La Cour établit que la suspension des procédures au parag. 69(3) de la LFI ne vise que les recours d’un créancier pour le recouvrement d’une réclamation prouvable. Or, la dette post-faillite n’est pas une réclamation prouvable à la date de la faillite et l’ARC n’est donc pas un « créancier » dont les recours sont suspendus.

La distribution ou remise du bien insaisissable au failli par le syndic aurait été un « paiement » de sorte que la demande formelle s’applique au sens des lois fiscales. Le syndic prétendait qu’il s’agissait possiblement d’une simple « remise ».

L’ARC plaide avec succès qu’aucune exemption provinciale n’est applicable contre une demande formelle de paiement émise par le gouvernement fédéral.

L’affaire semble d’intérêt limité et la décision est passablement motivée par le fait que la Cour a vu d’un mauvais œil que le failli prenne refuge derrière la LFI pour continuer à accumuler des dettes fiscales.

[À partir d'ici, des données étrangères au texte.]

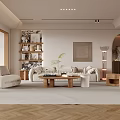 Modern Living Room Interior With White Sofas Wooden Coffee Table Shelves And Herringbone Flooring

Cependant, dans de nombreux dossiers de faillite personnelle, le syndic doit remettre au failli des remboursements fiscaux insaisissables (comme la TPS), ou possiblement des REERs, ou des salaires pré-faillite saisis et remis au syndic ou des biens légués sous condition d’insaisissabilité. Il pourrait même s’agir de montants dont le failli était fiduciaire. Entre la faillite et le versement au failli, si des dettes fiscales sont nées, on peut anticiper que les syndics recevront de nombreuses demandes formelles. Reste à savoir si l’Agence du revenu du Québec  va elle aussi tenter la même chose.